An influx of smelly seaweed is deadly for marine animals in the Caribbean
The explosion of Sargassum is bad for coastal ecosystems and tourism
The next time you vacation to a Caribbean beach like Cancún, you might be greeted with a smell of rotten eggs! Since 2011, blooms of a brown seaweed called Sargassum have been piling and decomposing on the Caribbean beaches where they make landfall. Decomposing algae remove oxygen from the water, killing marine life and affecting the businesses that depend on those beaches.

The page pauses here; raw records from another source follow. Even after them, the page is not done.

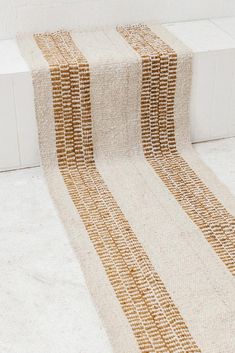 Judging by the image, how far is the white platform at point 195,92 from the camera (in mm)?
1981

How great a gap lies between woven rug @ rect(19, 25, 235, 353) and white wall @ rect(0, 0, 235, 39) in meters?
0.04

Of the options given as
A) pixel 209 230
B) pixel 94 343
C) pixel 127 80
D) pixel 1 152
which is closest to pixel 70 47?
pixel 127 80

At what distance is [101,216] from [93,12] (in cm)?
83

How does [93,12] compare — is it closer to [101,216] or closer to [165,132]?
[165,132]

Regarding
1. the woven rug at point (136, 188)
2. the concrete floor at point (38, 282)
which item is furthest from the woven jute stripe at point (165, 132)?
the concrete floor at point (38, 282)

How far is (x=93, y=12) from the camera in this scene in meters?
2.29

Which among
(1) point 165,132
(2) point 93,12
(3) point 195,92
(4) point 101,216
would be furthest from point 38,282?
(2) point 93,12

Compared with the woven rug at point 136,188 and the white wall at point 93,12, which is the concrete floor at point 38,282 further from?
the white wall at point 93,12

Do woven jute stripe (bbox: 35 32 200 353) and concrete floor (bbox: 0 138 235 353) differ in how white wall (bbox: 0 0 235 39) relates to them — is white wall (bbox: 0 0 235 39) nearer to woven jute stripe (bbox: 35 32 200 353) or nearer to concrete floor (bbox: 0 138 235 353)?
woven jute stripe (bbox: 35 32 200 353)

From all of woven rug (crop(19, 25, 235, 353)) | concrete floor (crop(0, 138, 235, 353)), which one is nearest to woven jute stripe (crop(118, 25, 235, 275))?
woven rug (crop(19, 25, 235, 353))

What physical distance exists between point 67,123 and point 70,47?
0.29 meters

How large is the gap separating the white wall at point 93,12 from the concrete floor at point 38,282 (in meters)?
0.57

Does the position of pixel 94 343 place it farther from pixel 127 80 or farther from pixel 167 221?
pixel 127 80

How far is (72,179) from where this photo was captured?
204 centimetres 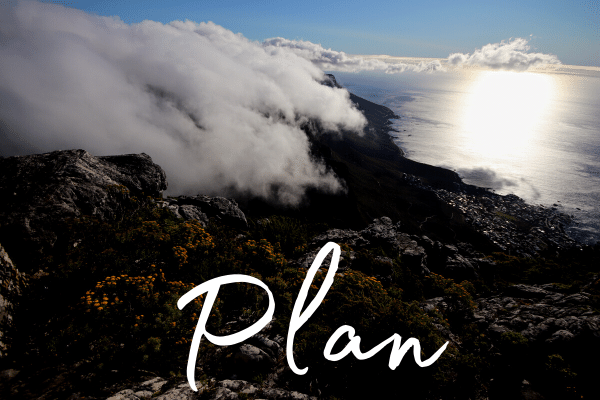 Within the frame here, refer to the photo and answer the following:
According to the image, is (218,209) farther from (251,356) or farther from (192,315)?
(251,356)

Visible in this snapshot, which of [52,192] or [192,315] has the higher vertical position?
[52,192]

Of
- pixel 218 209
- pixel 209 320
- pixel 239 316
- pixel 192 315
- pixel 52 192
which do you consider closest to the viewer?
pixel 192 315

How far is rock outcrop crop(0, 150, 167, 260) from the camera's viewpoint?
898 cm

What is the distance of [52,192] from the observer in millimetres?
10734

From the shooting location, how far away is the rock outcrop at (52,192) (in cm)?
898

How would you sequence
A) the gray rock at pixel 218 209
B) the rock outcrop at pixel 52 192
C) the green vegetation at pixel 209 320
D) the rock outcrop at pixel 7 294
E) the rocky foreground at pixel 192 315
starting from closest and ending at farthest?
the rock outcrop at pixel 7 294
the rocky foreground at pixel 192 315
the green vegetation at pixel 209 320
the rock outcrop at pixel 52 192
the gray rock at pixel 218 209

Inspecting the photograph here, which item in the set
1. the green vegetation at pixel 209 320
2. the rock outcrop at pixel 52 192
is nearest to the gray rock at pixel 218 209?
the rock outcrop at pixel 52 192

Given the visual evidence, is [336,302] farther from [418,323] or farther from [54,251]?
[54,251]

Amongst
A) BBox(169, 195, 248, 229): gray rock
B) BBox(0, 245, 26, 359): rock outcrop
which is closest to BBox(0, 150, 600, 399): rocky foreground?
BBox(0, 245, 26, 359): rock outcrop

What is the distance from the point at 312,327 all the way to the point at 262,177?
6193 inches

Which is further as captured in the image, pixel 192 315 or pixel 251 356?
pixel 192 315

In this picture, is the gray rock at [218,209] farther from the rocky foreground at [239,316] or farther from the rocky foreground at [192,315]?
the rocky foreground at [192,315]

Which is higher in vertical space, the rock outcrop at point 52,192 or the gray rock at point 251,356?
the rock outcrop at point 52,192

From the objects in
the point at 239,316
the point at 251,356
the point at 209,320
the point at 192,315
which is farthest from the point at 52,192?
the point at 251,356
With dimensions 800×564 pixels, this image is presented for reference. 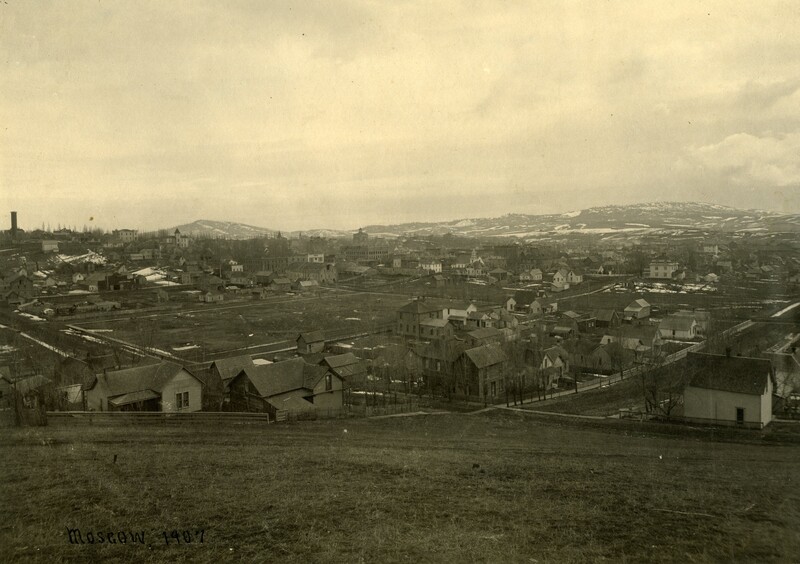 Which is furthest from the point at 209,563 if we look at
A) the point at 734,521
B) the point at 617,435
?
the point at 617,435

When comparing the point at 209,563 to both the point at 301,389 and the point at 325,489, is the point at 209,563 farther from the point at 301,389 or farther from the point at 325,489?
the point at 301,389

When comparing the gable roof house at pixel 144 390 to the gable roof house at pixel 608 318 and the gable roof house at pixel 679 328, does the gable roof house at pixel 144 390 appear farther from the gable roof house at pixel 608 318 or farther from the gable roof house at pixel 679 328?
the gable roof house at pixel 608 318

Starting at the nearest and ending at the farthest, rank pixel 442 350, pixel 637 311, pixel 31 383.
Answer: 1. pixel 31 383
2. pixel 442 350
3. pixel 637 311

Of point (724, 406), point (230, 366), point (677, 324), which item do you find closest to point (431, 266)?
point (677, 324)

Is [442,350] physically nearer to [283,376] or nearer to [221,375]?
[283,376]

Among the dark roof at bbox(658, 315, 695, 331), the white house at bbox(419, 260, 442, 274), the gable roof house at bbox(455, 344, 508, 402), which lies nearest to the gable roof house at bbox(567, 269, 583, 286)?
the white house at bbox(419, 260, 442, 274)

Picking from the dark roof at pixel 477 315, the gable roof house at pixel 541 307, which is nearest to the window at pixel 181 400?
the dark roof at pixel 477 315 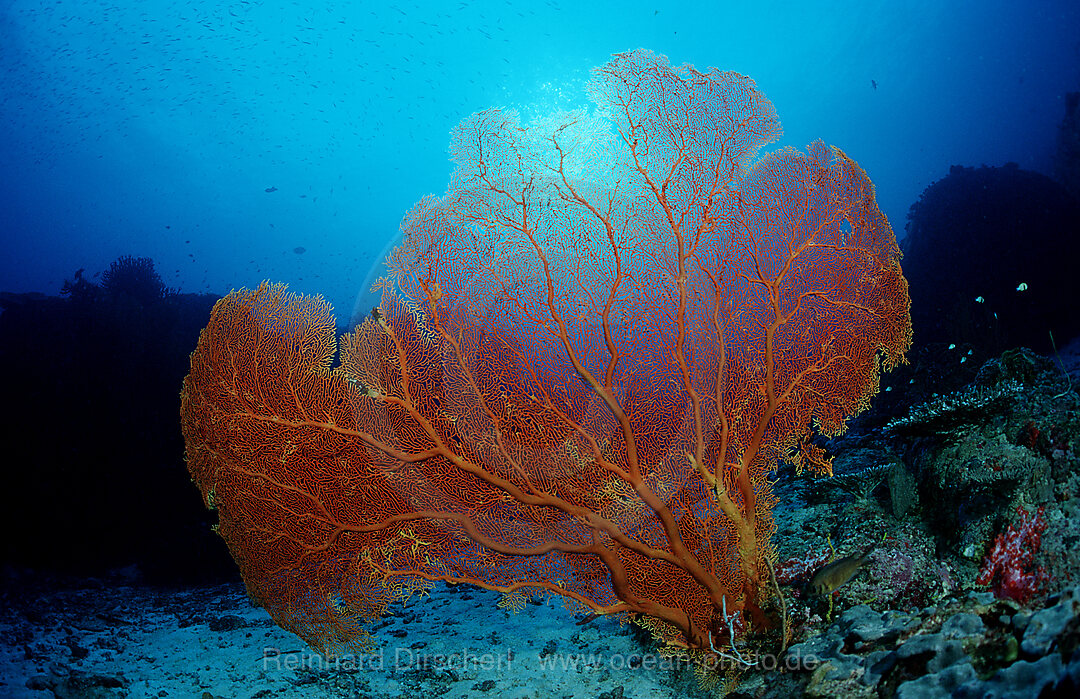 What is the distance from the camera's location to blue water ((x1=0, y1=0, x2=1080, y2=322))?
40.0 metres

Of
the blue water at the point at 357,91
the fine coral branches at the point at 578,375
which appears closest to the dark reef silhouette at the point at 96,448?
the fine coral branches at the point at 578,375

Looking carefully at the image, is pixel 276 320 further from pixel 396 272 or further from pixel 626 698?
pixel 626 698

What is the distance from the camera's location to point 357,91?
55.7 meters

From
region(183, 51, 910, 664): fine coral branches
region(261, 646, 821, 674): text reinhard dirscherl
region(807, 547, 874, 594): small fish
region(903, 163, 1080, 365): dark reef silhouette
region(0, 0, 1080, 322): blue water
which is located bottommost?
region(261, 646, 821, 674): text reinhard dirscherl

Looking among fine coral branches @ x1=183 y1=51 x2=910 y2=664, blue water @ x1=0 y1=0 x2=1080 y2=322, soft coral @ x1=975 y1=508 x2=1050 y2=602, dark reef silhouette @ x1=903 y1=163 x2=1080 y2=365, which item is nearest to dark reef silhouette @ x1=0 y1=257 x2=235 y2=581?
fine coral branches @ x1=183 y1=51 x2=910 y2=664

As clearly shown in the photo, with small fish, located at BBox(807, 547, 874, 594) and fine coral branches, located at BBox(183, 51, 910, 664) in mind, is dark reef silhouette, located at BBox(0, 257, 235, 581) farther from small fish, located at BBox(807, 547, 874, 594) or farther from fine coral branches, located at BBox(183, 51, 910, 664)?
small fish, located at BBox(807, 547, 874, 594)

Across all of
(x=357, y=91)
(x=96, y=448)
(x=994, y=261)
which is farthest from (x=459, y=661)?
(x=357, y=91)

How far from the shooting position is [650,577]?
2924 mm

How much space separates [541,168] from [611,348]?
4.77 ft

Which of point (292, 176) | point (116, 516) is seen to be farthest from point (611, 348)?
point (292, 176)

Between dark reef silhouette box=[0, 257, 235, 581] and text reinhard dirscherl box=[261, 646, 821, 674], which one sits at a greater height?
dark reef silhouette box=[0, 257, 235, 581]

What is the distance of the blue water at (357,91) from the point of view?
40031mm

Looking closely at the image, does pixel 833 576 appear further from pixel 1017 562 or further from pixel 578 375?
pixel 578 375

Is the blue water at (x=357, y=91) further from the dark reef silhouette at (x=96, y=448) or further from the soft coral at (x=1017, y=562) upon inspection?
the dark reef silhouette at (x=96, y=448) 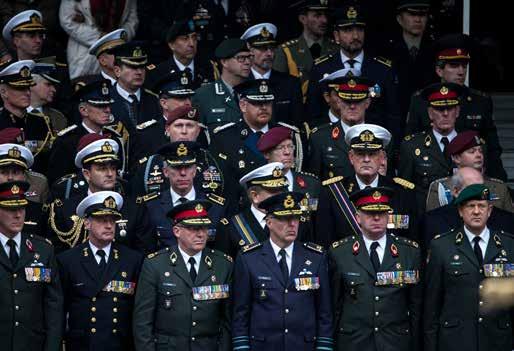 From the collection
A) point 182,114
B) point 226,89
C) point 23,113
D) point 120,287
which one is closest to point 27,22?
point 23,113

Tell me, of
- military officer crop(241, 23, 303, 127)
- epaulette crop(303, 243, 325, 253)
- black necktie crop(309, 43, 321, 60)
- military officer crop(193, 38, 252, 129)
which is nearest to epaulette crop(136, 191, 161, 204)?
epaulette crop(303, 243, 325, 253)

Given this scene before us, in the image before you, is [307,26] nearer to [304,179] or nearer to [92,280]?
[304,179]

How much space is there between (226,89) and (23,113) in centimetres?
225

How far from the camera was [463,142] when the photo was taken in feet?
51.3

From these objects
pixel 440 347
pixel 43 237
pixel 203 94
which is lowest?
pixel 440 347

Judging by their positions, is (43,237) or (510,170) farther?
(510,170)

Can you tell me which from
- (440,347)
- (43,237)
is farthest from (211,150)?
(440,347)

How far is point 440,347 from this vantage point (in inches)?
573

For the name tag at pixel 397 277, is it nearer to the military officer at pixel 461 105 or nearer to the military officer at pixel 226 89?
the military officer at pixel 461 105

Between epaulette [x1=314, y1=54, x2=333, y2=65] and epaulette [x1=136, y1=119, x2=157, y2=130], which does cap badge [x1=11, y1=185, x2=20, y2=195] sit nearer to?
epaulette [x1=136, y1=119, x2=157, y2=130]

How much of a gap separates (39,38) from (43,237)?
3925 mm

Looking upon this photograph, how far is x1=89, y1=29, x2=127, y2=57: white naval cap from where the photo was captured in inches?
706

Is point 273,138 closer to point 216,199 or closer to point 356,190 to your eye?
point 216,199

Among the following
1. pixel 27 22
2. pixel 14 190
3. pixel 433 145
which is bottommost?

But how much marine death has been caused by the massive influxes of Sargassum? A team of researchers in the Yucatán region of México recently published an article in the Marine Pollution Bulletin that quantifies the mortality of marine life from 2018’s Sargassum bloom season. They counted the number of marine animals that had washed up on the east coast of the Yucatán, which includes popular tourist spots Puerto Morelos and Cancún. They also collected water samples to assess the water quality in the affected areas.
The dead animals they found comprised 78 species. Over half were fish (59%), followed by crustaceans (28%) many of which came from shallow coral reef habitats close to the seaweed-strewn beaches. They also found that water quality was poor, with low-oxygen conditions and increased ammonium and hydrogen sulfide in the water. Conditions like that combined with the high amount of toxins have made a perfect storm of massive mortality from a decomposing seaweed.
Managing the Sargassum in those coastal areas will be of utmost importance, as these heavy influxes of Sargassum will affect the local coastal environment and the economies that depend on those areas.